In assessing explanations for the decline, it is important to keep in mind that the scores measure the skills of students who have completed twelve years of education. Consequently, any set of SAT scores tells us more about what was happening during the previous twelve years than it tells us about the factors affecting student skills in the year the tests were
taken. Thus, to explain the declines in scores during the 1970s, we must look for changes that took place primarily during the 1960s.
One category of explanation for the SAT score declines focuses on changes in the world outside the schools, including a sense of disillusion arising from the Vietnam War, an increase in TV watching, and a higher rate of marital dissolutions (On Further Examination 1977). A second category includes changes directly related to formal schooling. The best-documented schooling change contributing to the score decline is a reduction in the number of academic courses students take. This decline was the result, in part, of an attempt during the 1960s and early 1970s to tailor high school education to the needs and preferences of individual students.
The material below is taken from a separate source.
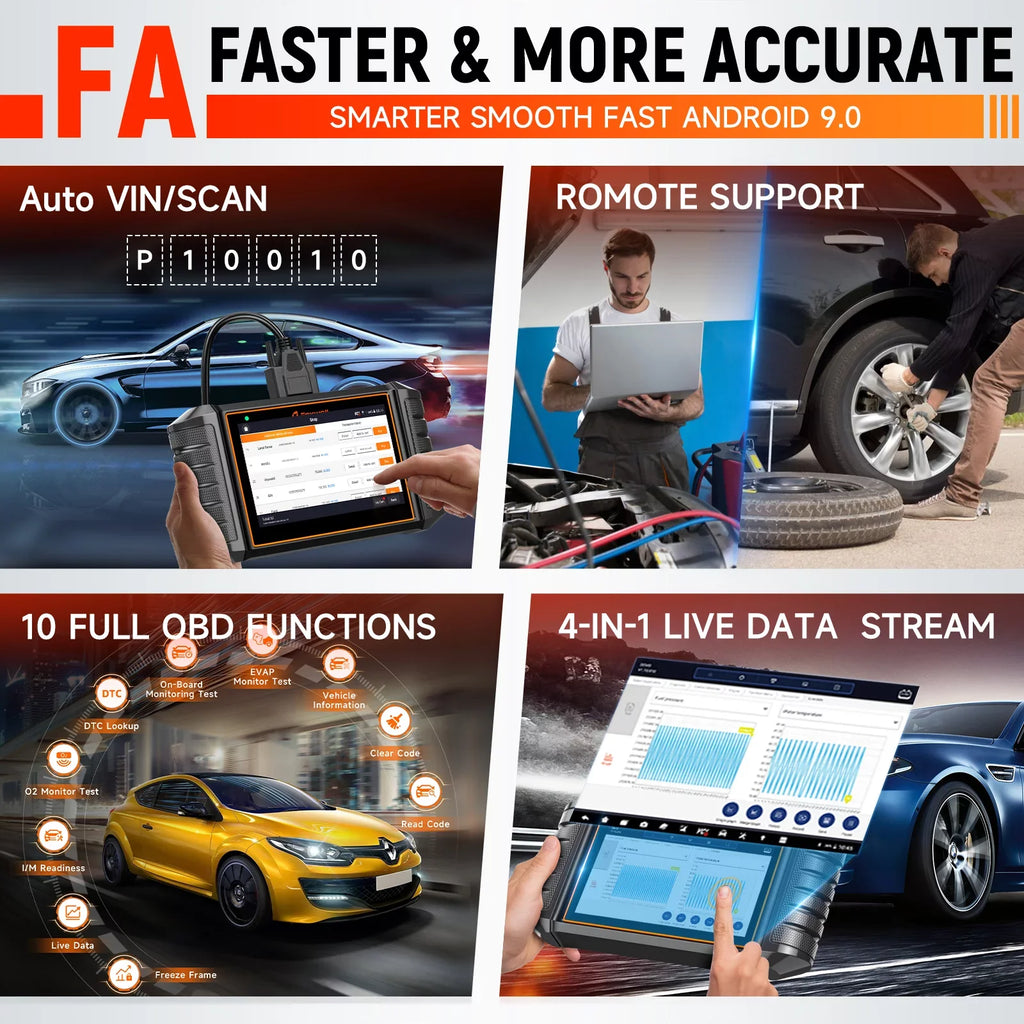 Foxwell NT710 BMW Car Scanner Bi-Directional Control Scan Tool Active Test OBD2 Scanner All Systems Diagnostic Tool 31+ Maintenance Services Automotive Code Reader for BMW MINI RR OBDII Automobiles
Subsequent research (Bryk et al. 1984; Coleman et al. 1982; Harnischfeger and Wiley 1984) supports the link between the number of academic courses students take and their scores on standardized tests.
In the four years since the SAT scores bottomed out in 1980, the average SAT scores have risen slightly (from 424 to 426 on the verbal section and from 466 to 471 on the math section: Ranbom 1984). Also, during the period 1976–1983, the gap between the average score of black students and that of white students on both the SAT verbal and math tests declined slightly. In 1976, the ratio of the average score of black students to that of white students on the SAT verbal tests was 0.736; in 1983, it was 0.765. The comparable numbers for the SAT math test are 0.718 and 0.762 (Wainer 1984). Why have the SAT scores started to rise again—albeit slowly? Why has the black-white gap closed somewhat? To answer these questions, we need to learn about the early schooling experiences and the achievement of the students who took the SAT tests in the early 1980s.